• Given material:
- Opening Delimiter -
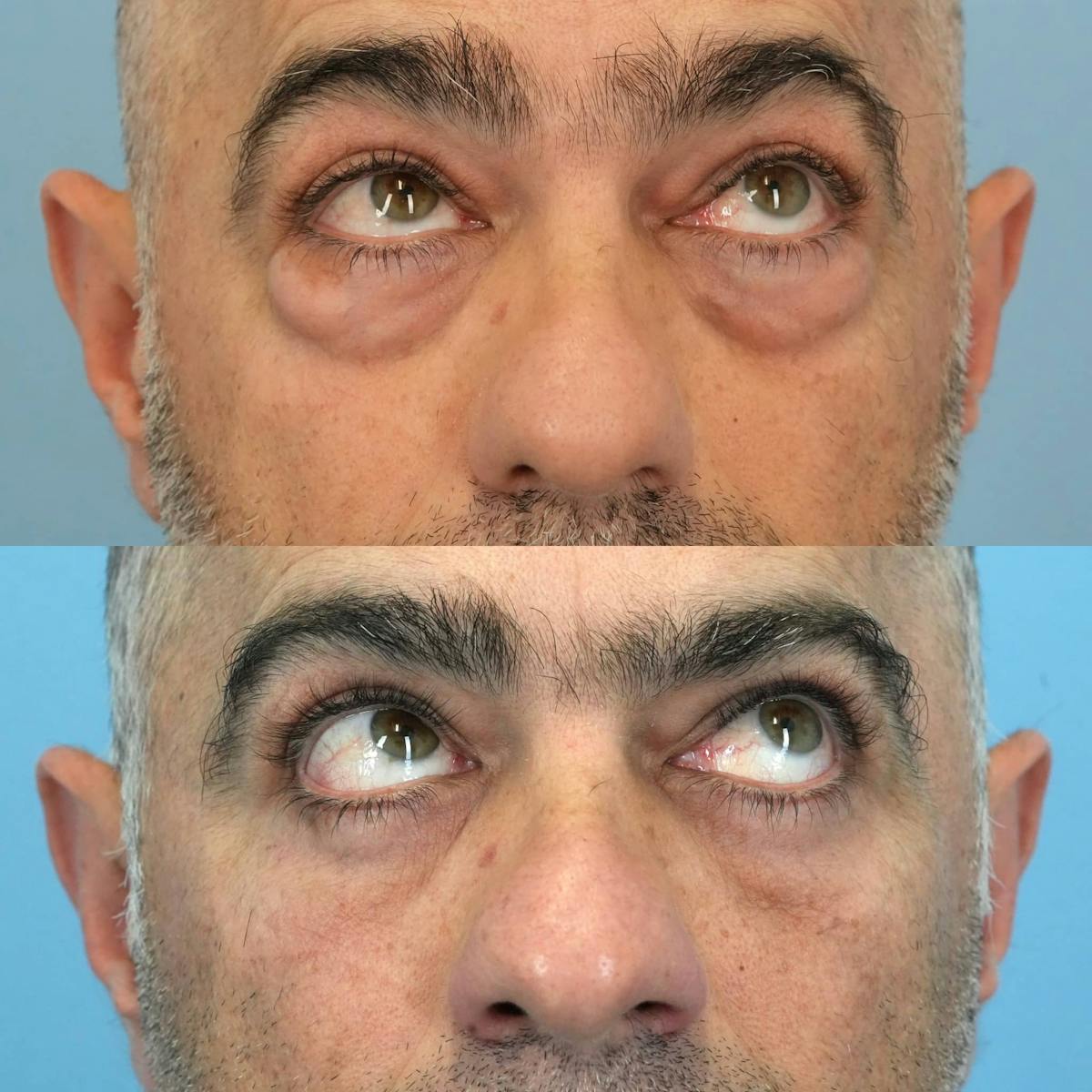 Lower Eyelids Before & After Gallery - Patient 281614 - Image 2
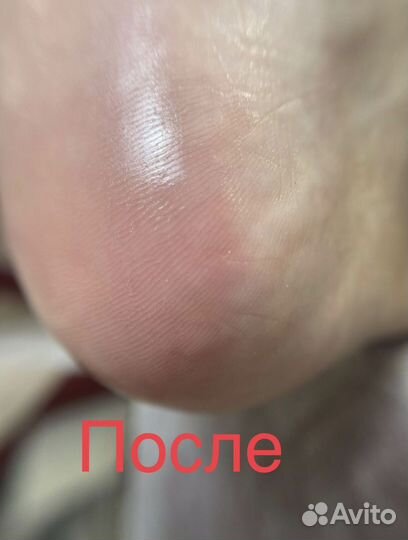 Инновационный Smart-педикюр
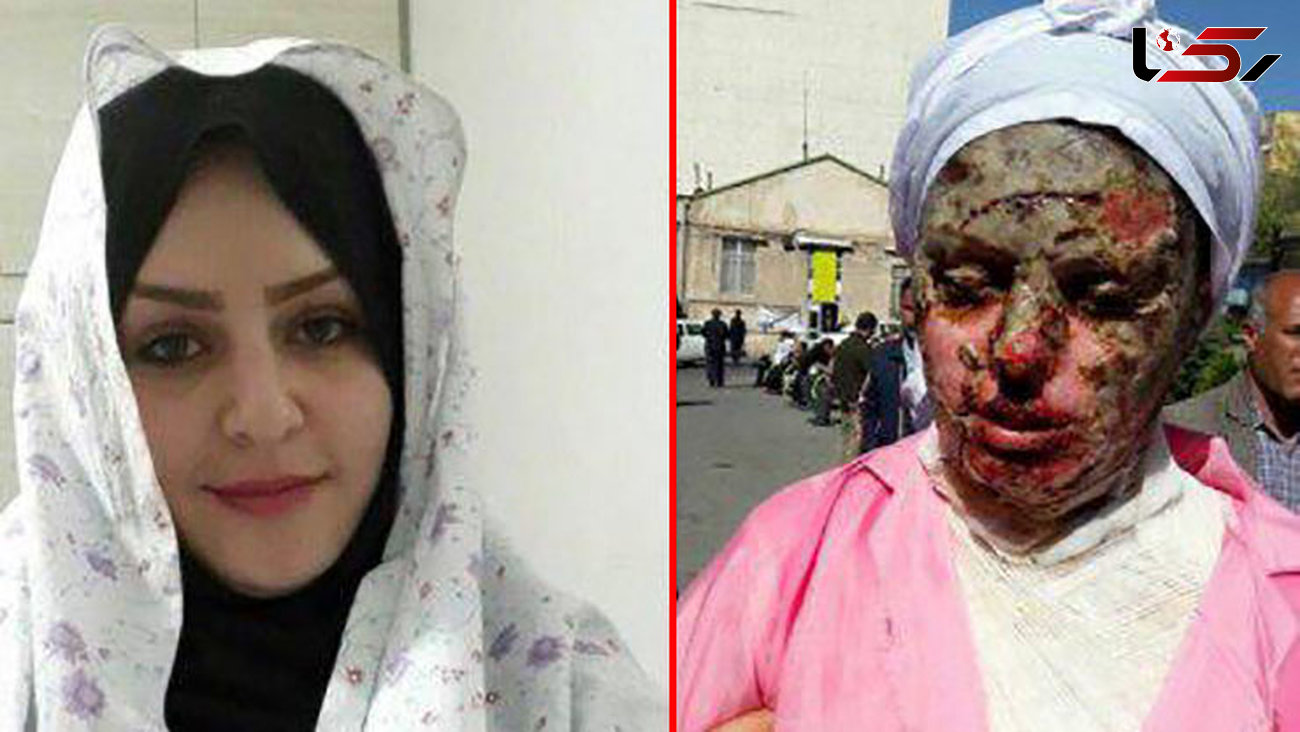 ترسناک ترین و بی رحم ترین خواستگار ایران در زندان تبریز ! + عکس دختر سوخته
- Closing Delimiter -
• Task requirements:
Please write out every line of the listing above exactly, and leave the images behind.

• Solution for this task:
 Lower Eyelids Before & After Gallery - Patient 281614 - Image 2
 Инновационный Smart-педикюр
 ترسناک ترین و بی رحم ترین خواستگار ایران در زندان تبریز ! + عکس دختر سوخته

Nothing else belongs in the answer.